Interessante, l’atto di morte, a firma del sindaco e notaro, Don Antonino Maggiore (1790-1884).
“..il 20 Gennaro 1828 alle ore 15 (circa ore 8 attuali), davanti Don Antonino Maggiore Sindaco ed Uffiziale dello Stato Civile di Ustica, sono comparsi:
1) Don Antonino Giacino , di anni 34, Ricevitore del Registro, domiciliato nella Piazza San Ferdinando al numero 8;
2) Don Emmanuele Calderaro, di anni 27, prete, domiciliato nella piazza S. Ferdinando i quali hanno dichiarato che nel giorno di oggi (20 gennaro 1828) alle ore12 d’Italia (circa ore 5 attuali), nel predetto Comune, è morto il Sacerdote Don Pietro Mancuso Parroco di questa Regia Parrocchiale Chiesa, di anni 56, nella casa di sua propria abitazione, nato in Ustica, figlio del fu Francesco e della fu Giovanna Romeo…”
Firmano Antonino Giacino, Emmanuele Calderaro e il sindaco Maggiore.
Da notare che il sacerdote Mancuso è morto di anni 56 e non di anni 54 come recita l’epigrafe, e quindi, alla gogna dei 4 Cantoni a Palermo, ci dovrebbe andare chi commissionò la lapide, il marmoraro la fa franca, stavolta.
Lapide sac.
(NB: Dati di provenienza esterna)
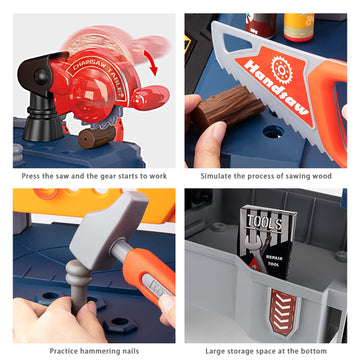 Deejoy Kids Tool Bench, Realistic and Electric Drill, Transformable Tool Set, Toddler Bench Pretend Play Learning Gift for Boys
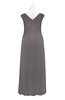 ColsBM Malaya Ridge Grey Plus Size Bridesmaid Dresses Ruching Elegant A-line Floor Length V-neck Zipper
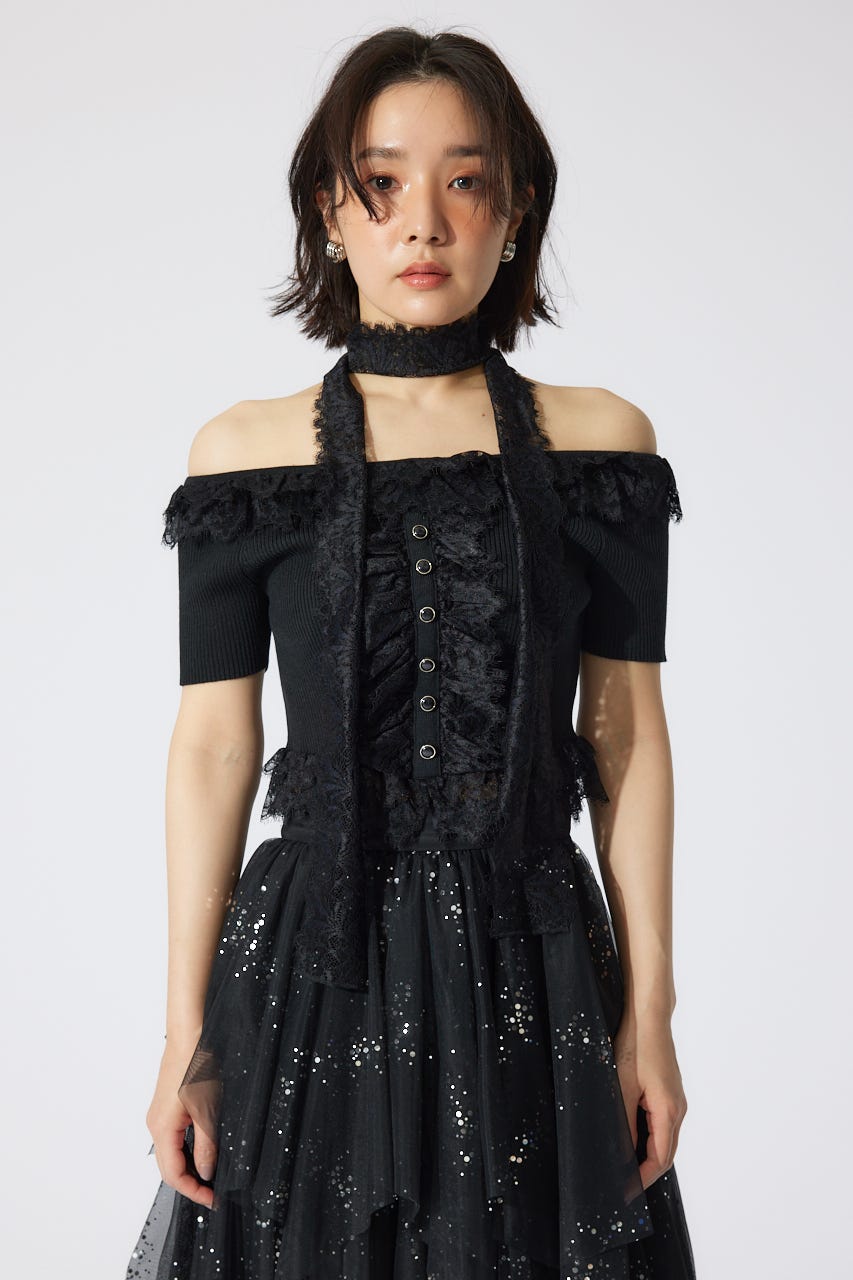 レースコンビリブニットトップス BLK FREE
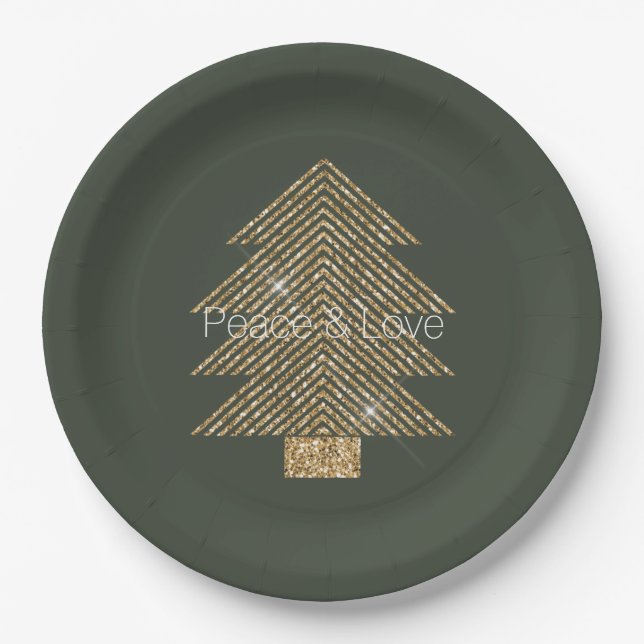 Assiettes En Carton Pine Green Gold Glitzy Parties scintillant Arbre d (Devant)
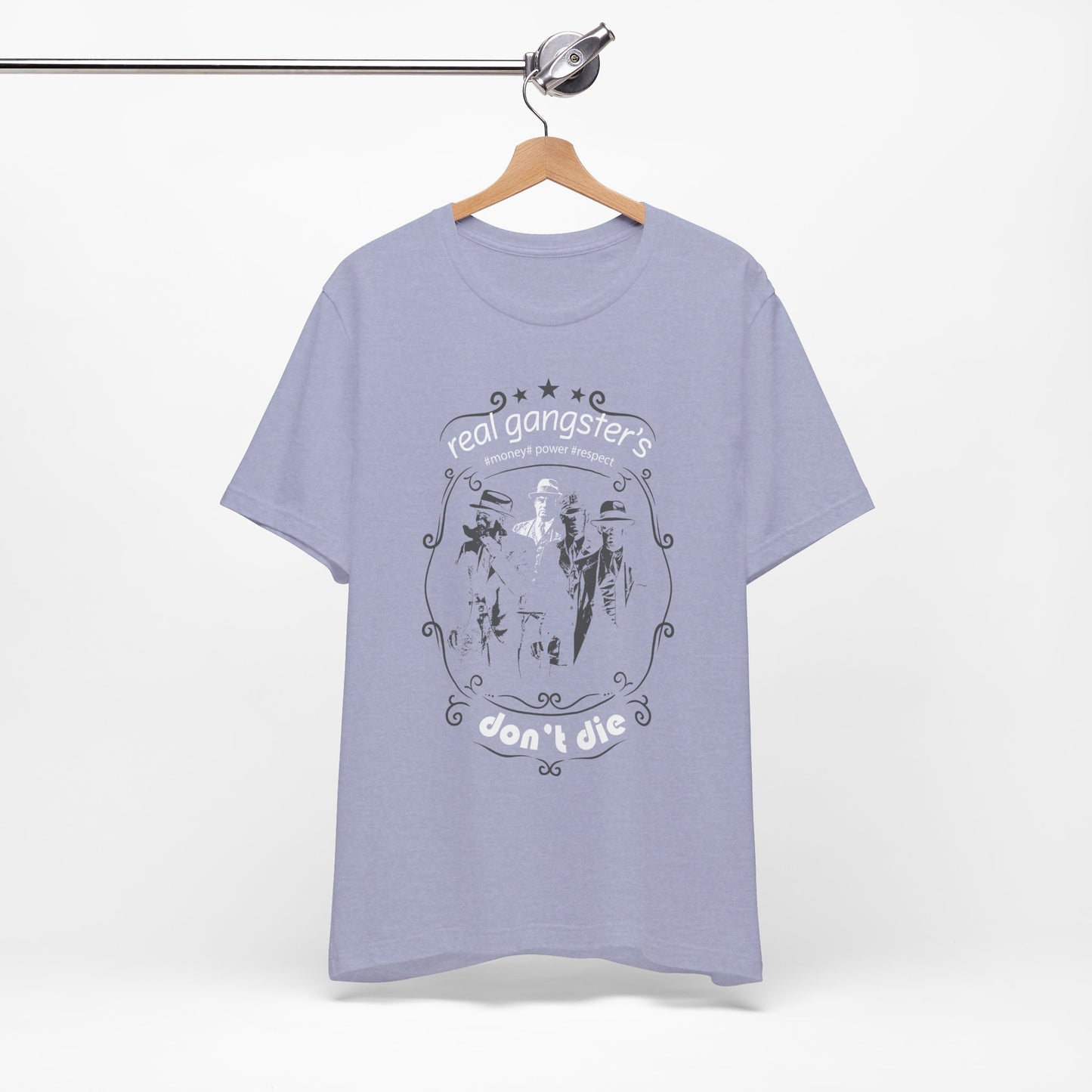 Real Gangsters Don't Die T-Shirt Vintage Outlaw Illustration Retro Biker Tee A-3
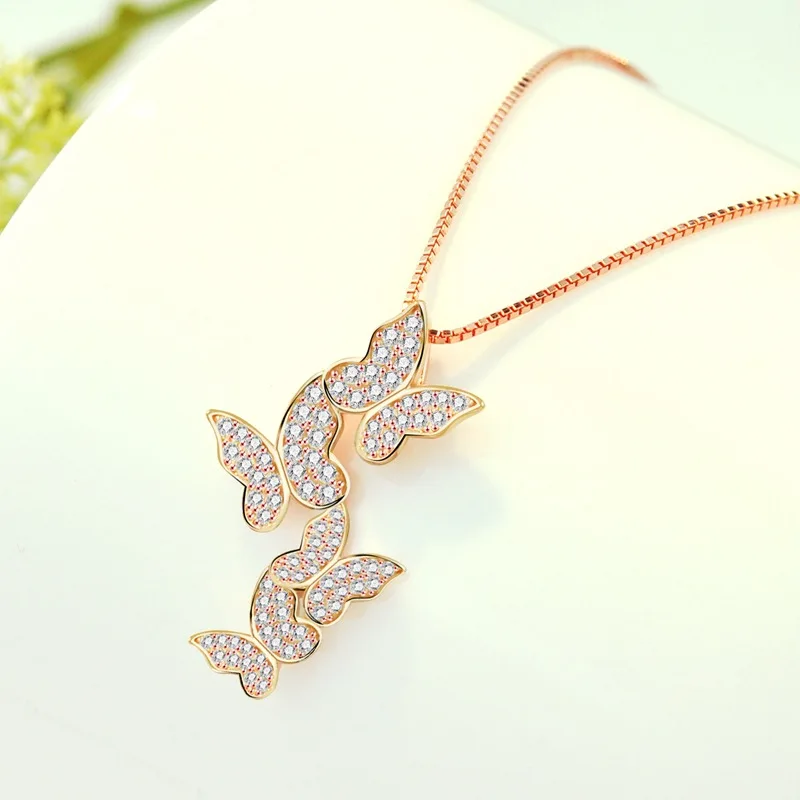 

Necklace Women's S925 Sterling Silver Rose-Plated Golden Butterfly Clavicle Chain Elegant Colorful Silver Necklace Birthday Gift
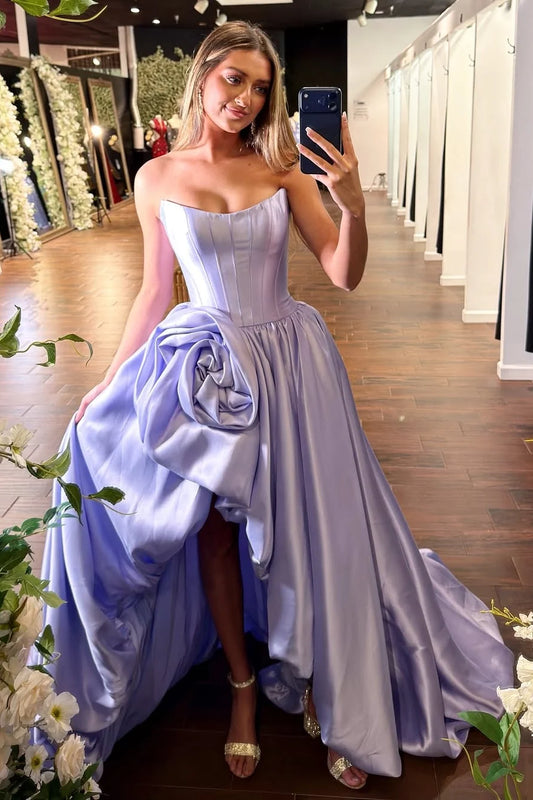 Trendy A Line Strapless Lilac Corset Prom Dress with 3D Flowers SH8169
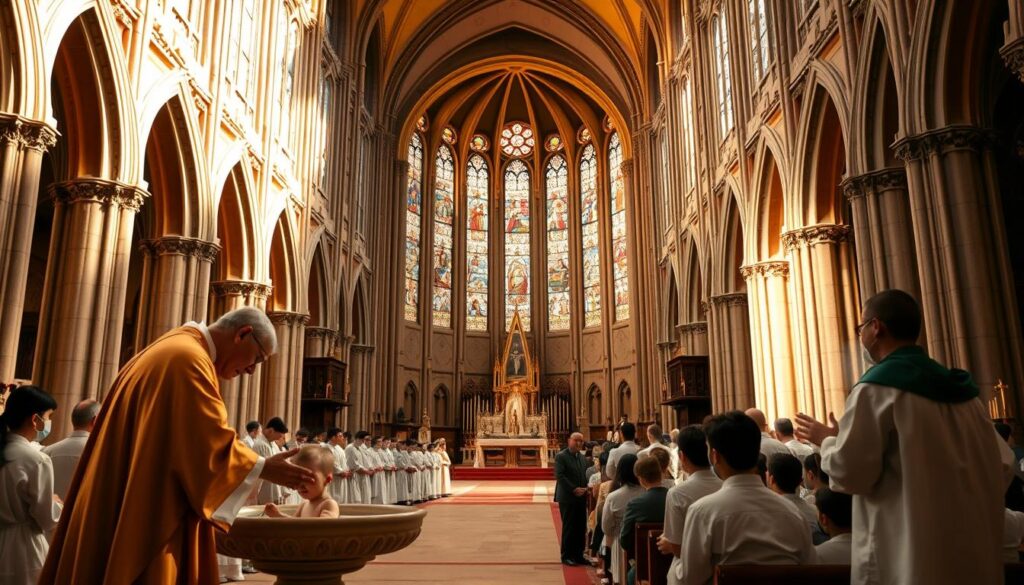 A vast and ornate Catholic cathedral, its soaring arches and stained glass windows bathed in warm, golden light. In the foreground, a priest in flowing robes performs the sacrament of baptism, gently lowering a child into the font as onlooking parishioners bear witness. In the middle ground, a group of young people kneel before the altar, receiving the sacrament of confirmation as the bishop lays his hands upon their heads. In the background, the congregation partakes in the Eucharist, sharing in the body and blood of Christ. An atmosphere of reverence, tradition, and spiritual renewal permeates the scene.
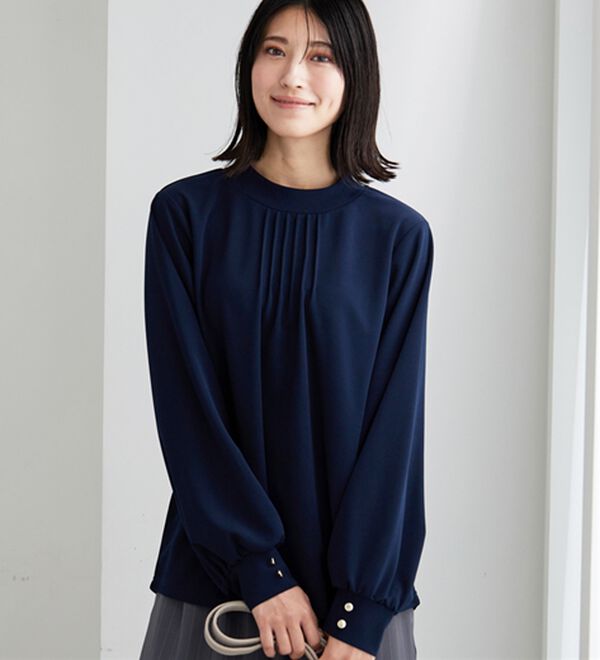 BELLUNA（ベルーナ）の「着脱楽々！袖ボタンデザインブラウス（ブラウス）」｜詳細画像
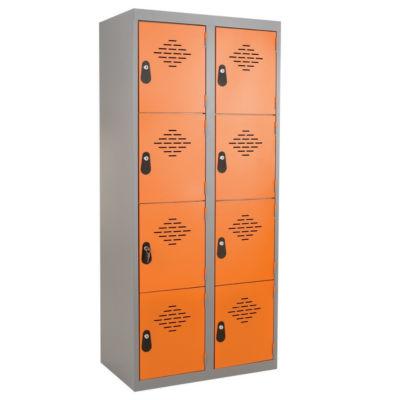 Vestiaires Multicases monoblocs 2 colonnes 4 cases gris / orange_0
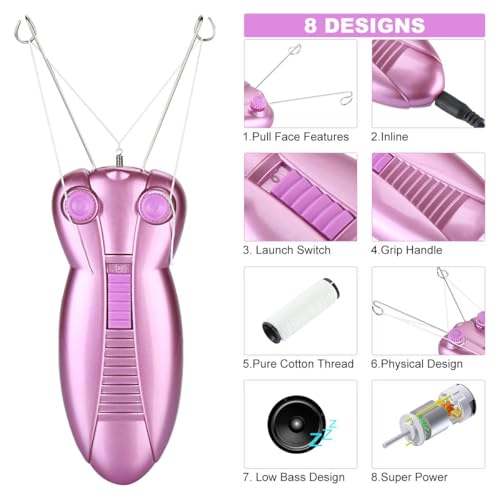 Electric Facial Hair Remover Epilator for Women - Gentle Cotton Thread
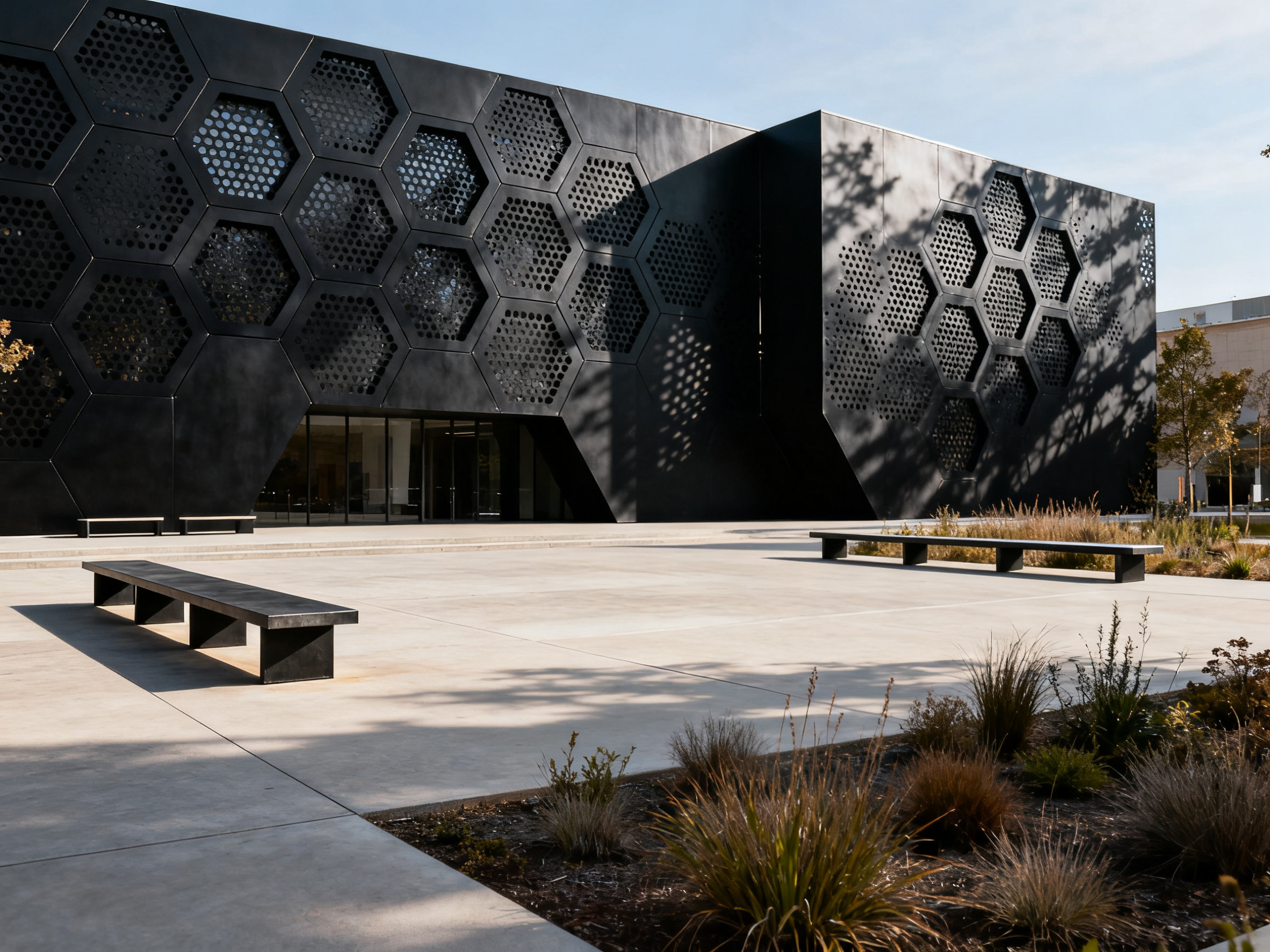 月下独酌,偶见铝板冲孔网之奇想 Black hexagonal perforated panels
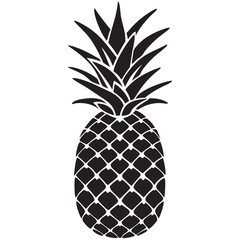 Obraz premium pineapple black silhouette vector llustration on white background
Pietro Mancuso; inquietante il simbolismo della clessidra alata che batte il tempo che fugge…vola...
Si ringraziano i Mormoni di FamilySearch e il Sistema Archivistico Nazionale, per avere fornito l'atto di morte.
Lapide di Ignazio Di Bartolo (Trapani 1772 - Ustica 1831), il padre del navigatore Vincenzo Di Bartolo.
E' la lapide più bella e vistosa della Chiesa, perfetta, stavolta niente gogna per il marmoraro. Essa reca lo stemma della Monarchia Inglese con il celebre motto: "Honi soit qui mal y pense", unitamente a "Dieu et mon Droit", col simbolismo dell'Ordine della Giarrettiera. Il motto, in francese antico vorrebbe dire: "Sia svergognato chi pensa male"...dal Web: «Honni soit qui mal y pense» si può all'incirca tradurre con «vergogna a colui che pensa male». È il motto dell'Ordine inglese della Giarrettiera, che sarebbe stato istituito, secondo una tradizione leggendaria piuttosto accreditata, dal Re d'Inghilterra Edoardo III in onore della propria amante, la contessa di Salisbury, alla quale durante un ballo era caduta nella foga del gesto una giarrettiera. Il Re - in evidente intimità - si precipitò a raccoglierla e rimproverò con tali parole - usando il francese che era la "lingua nobile" dell'epoca -
"Dieu et mon Droit", cioè sempre in francese: "Dio e il mio Diritto", motto del Sovrano d'Inghilterra, giusto per affermare che solo Dio (eventualmente), può levargli il potere.
Per capire perché mai lo stemma della Monarchia Inglese abbia a che fare con Ignazio Di Bartolo, nato in Trapani ma da bambino vissuto in Ustica, bisogna ricorrere, al solito, al Parroco Tranchina, che a pag. 94 della sua Storia di Ustica, dice: "....Ustica, le cui acque erano solcate da legni stranieri che spesso riparavano nella Cala S. Maria,......il Governo brittanico e ottomano, vi crearono i loro vice-consoli cui era dritto (diritto) piantar lo stemma della nazione sulla porta delle loro abitazioni e sventolar la bandiera quando il bisogno e le feste di corte lo richiedessero..."
Sidoti Antonino fu Vice-Console Ottomano;
Ignazio Di Bartolo, vice-console Brittanico
Favaloro Antonino, vice-console Raguseo (Ragusa o Dubrovnik)
Calderaro Agostino, vice-console di Spagna;
Difficile dire se questa nomina a vice console inglese provenisse dal console inglese a Palermo o direttamente dal plenipotenziario inglese a Napoli. Comunque sia, da ricerche superficiali, non ho trovato nulla su questa nomina e tanto meno il nome di Ignazio Di Bartolo citato da qualche parte se non in qualche atto notarile di Ustica. Non ho idea del compenso percepito da Ignazio per tale carica e se si potesse vivere solo con quello. Nella prima metà dell'Ottocento, molti vice consoli inglesi erano "unpaid", onorari e non pagati e ce n'erano troppi, uno anche a Scoglitti, vicino Gela, forse perché luogo d'imbarco dello zolfo diretto in Inghilterra, assieme a Licata, Terranova (Gela), Girgenti (Porto Empedocle) etc.